3.2. Immunolocalization of ACE2 and TMPRSS2 in the Thyroid
To identify the localization of ACE2 and TMPRSS2 in the thyroid gland, IHC was performed. ACE2 and TMPRSS2 were sporadically expressed in different spots (Figure 2A). We observed that ACE2 was not stained in the follicular cells themselves, but in microvessels or lymphatics between the follicles at a higher magnification. TMPRSS2 was mainly stained in the colloid inside the follicle, but not in the follicular cells or microvessels (Figure 2B). TMPRSS2 staining was observed in relatively large vessels (arterioles/venules) located outside the thyroid gland (Figure 3). We confirmed that ACE2 is present in microvessels by observing that the expression of ACE2 was consistent with that of NG2, a pericyte marker, by immunofluorescence staining (Figure 4).
ACE2 and TMPRSS2 expression in the human thyroid was not significantly different from that in the rat thyroid. Graves’ disease has a larger colloid and more abundant microvessels around the follicle than those found in normal or Hashimoto’s thyroiditis-affected thyroids. ACE2 was stained only in microvessels in the normal thyroid, Hashimoto’s thyroiditis, and Graves’ disease. Expression seemed more abundant in Graves’ disease than in the normal or Hashimoto’s thyroiditis-affected thyroids because of the increased number of microvessels around the follicle. TMPRSS2 was stained in the colloid of the normal thyroid, Graves’ disease, and Hashimoto’s thyroiditis, and was more strongly expressed than in rats (Figure 5).
4. Discussion
In present study, we not only identified the expression of ACE2 and TMPRSS2 in thyroid follicular cells, but also investigated the histologic localization of ACE2 and TMPRSS2 proteins in the human thyroid gland. In thyroid follicular cells, the mRNA expression of both ACE2 and TMPRSS2 was identified, but no protein expression was found. In IHC performed on the whole thyroid tissue, neither ACE2 nor TMPRSS2 was expressed in thyroid follicle cells. ACE2 was stained only in the microvessels around the follicles, while TMPRSS2 was expressed in the colloid and vessels outside the thyroid gland. These results were similar in normal thyroids, Hashimoto thyroiditis, and Graves’ disease.

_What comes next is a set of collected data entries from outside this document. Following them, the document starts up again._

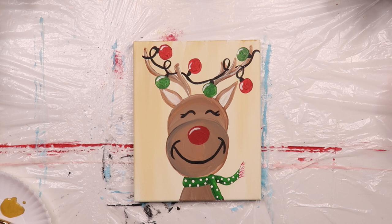And that's it, you're done. Now let's take a look at our finished Rudolph. Isn't he cute? See, you can paint anything as long as you break it down into simple steps.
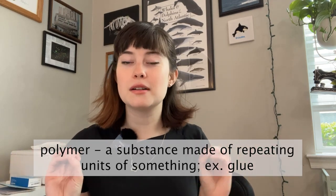REMJET is a black colored layer on the back of film that is made out of carbon mixed with a binding agent of cellulose acetate polymer. A polymer is just something that is made up of a bunch of tiny units of something else. In this case, a cellulose acetate polymer is a very long chain of a chemical called cellulose acetate all stitched together to make a very long and sticky chain. Glues are another great example of a polymer, and that's what the cellulose acetate is doing here — it is combining with the carbon particles to make kind of like a glue that's being stuck on the back of the film.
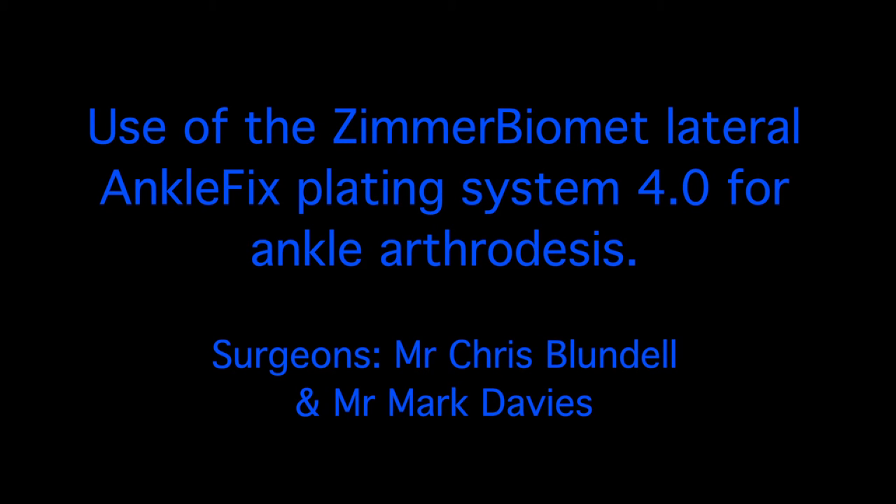Welcome to this video demonstrating the surgical technique for applying the lateral ankle fixed plate for ankle arthrodesis.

Few studies have investigated ACE2 expression in the thyroid gland [10,12,13]. However, all studies that have been published thus far have only investigated the mRNA expression of ACE2 with in silico studies using datasets from The Cancer Genome Atlas database or by culturing thyroid follicular cells. However, they did not investigate the expression of ACE2 at the protein level. The abundance of mRNA is generally known to have a positive correlation with that of protein, but the strength of the correlation varies widely depending on the subject and gene [15]. Discrepancy between mRNA and protein expression have been reported [15,16]. Therefore, the expression level of mRNA is only informative but not predictive for that of the protein. In the study about human diseases, it is essential to compare these parameters together, because proteins play the final role in cells. In present study, we identified the ACE2 and TMPRSS2 expression at the gene and protein levels in thyroid follicular cells and thyroid tissue using PCR and Western blotting, respectively. In particular, we revealed the immunolocalization of ACE2 and TMPRSS2 in the human thyroid gland.

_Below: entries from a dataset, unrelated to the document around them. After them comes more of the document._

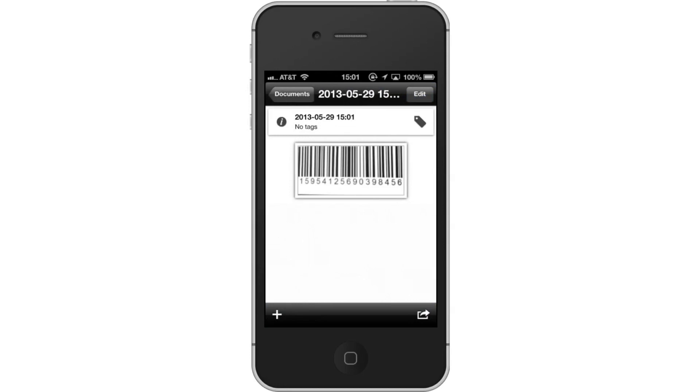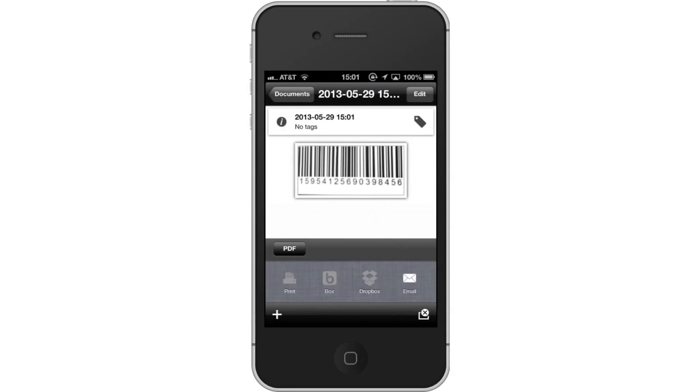Lastly, send the barcode. To send the barcode you just scanned, tap the arrow icon. An option bar will then appear asking if you want to print the barcode, share via Box, share via Dropbox, or email it. Let's tap the email icon.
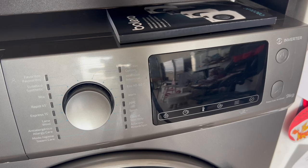In other words, if, for example, it's one o'clock and I want the washing machine to start at three in the afternoon, I can set it up from one o'clock and program it to start in two hours at three o'clock. So let's quickly go over how to do this process.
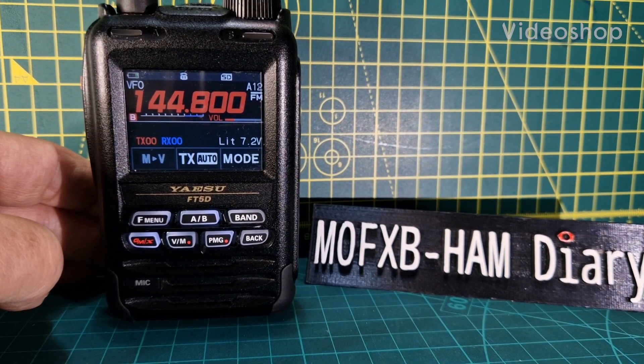Mzero FXB, welcome to my channel. I've got this Yaesu FT5D, which I think is a fantastic radio — VHF, UHF, wideband, APRS, Bluetooth, GPS, it just goes on and on. Lovely screen, touchscreen, I just love it.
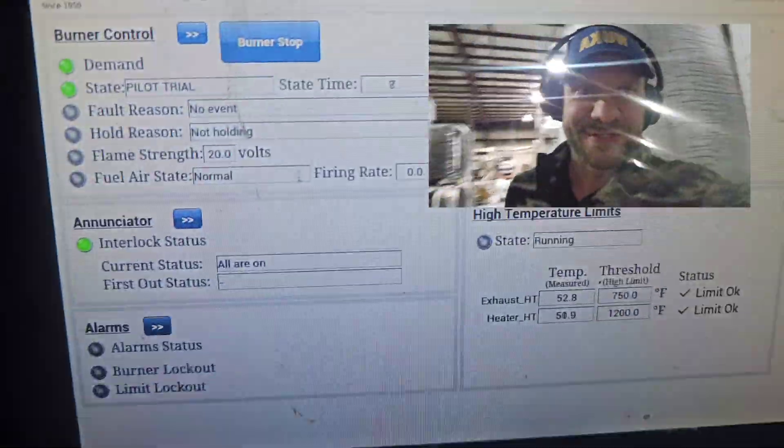We got to run a little dry lubricant today, so I'm gonna get this bad boy turned on and see what happens. Turning on the dryer, it's going through its purge cycle. Let's make sure it starts up.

ACE2 is well known to be expressed in the endothelium of blood vessels [17]. In our previous study investigating ACE2 expression in the salivary gland and trigerminal nerve, ACE2 was strongly expressed in the capillary endothelium [18]. The abundance of ACE2 in blood vessels may be associated with SARS-CoV-2-induced microcirculation damage causing vascular wall injury, blood clots, and endothelitis [19]. Recent studies have established that pericytes and perivascular cells in small vessels are major sites for ACE2 expression in several organs, including the heart, brain, and lungs [20,21,22]. Pericytes are vascular mural cells that enwrap the endothelial cells of capillaries. These cells interact with endothelial cells to regulate capillary blood flow and maintain microvascular integrity and immune function [23]. Damage to pericytes by SARS-CoV-2 may result in perivascular inflammation and occlusion of capillary blood flow, which may eventually cause tissue ischemia. Therefore, infected pericyte by SARS-CoV-2 can lead to impairment to the blood–brain barrier, resulting in neurological symptoms [20,24], and cardiac pericyte infection can cause acute cardiac injury [21,25,26]. Since ACE-expressing pericytes are distributed throughout the body along the capillaries, SARS-CoV-2-infected pericytes can theoretically affect not only the brain and heart but also all organs where capillaries are present [20,21,22,23]. In this study, we confirmed that ACE2 is strongly expressed in pericytes. Microcirculatory damage caused by pericyte infection may also affect surrounding follicles in the thyroid gland.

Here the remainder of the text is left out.